■ Recorded information
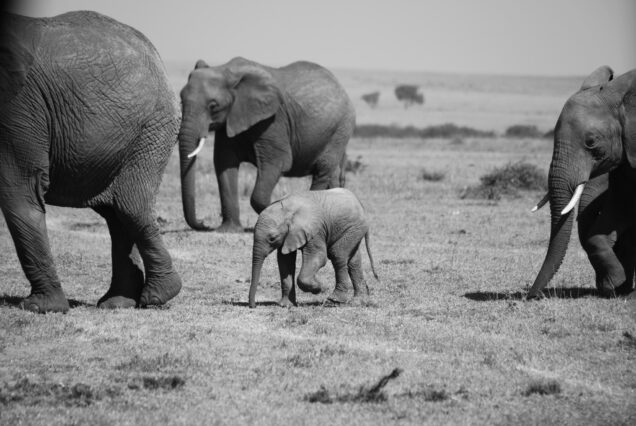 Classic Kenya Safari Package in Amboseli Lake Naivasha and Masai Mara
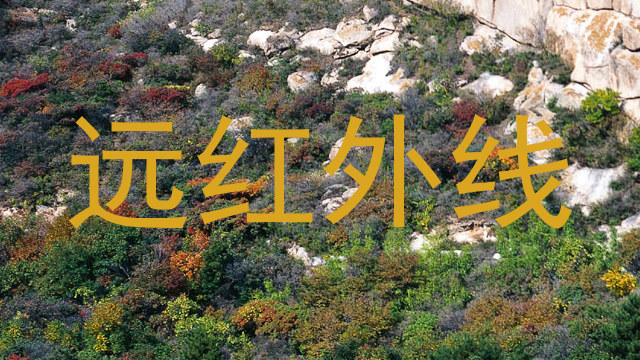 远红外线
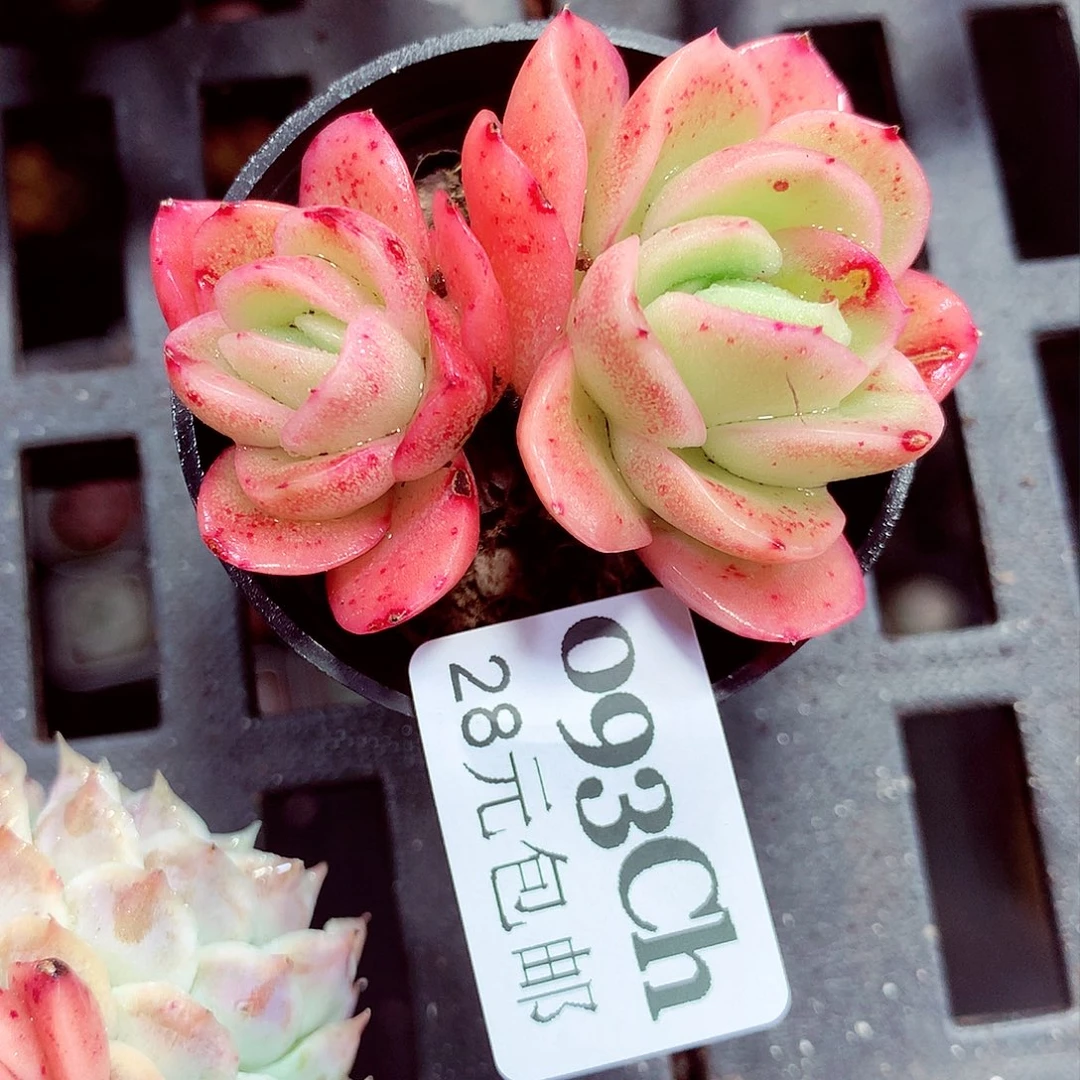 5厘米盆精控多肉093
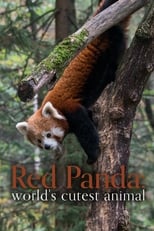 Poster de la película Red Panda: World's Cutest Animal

■ Task statement
Set the pictures aside and reproduce the data above exactly.

■ Written answer
 Classic Kenya Safari Package in Amboseli Lake Naivasha and Masai Mara
 远红外线
 5厘米盆精控多肉093
 Poster de la película Red Panda: World's Cutest Animal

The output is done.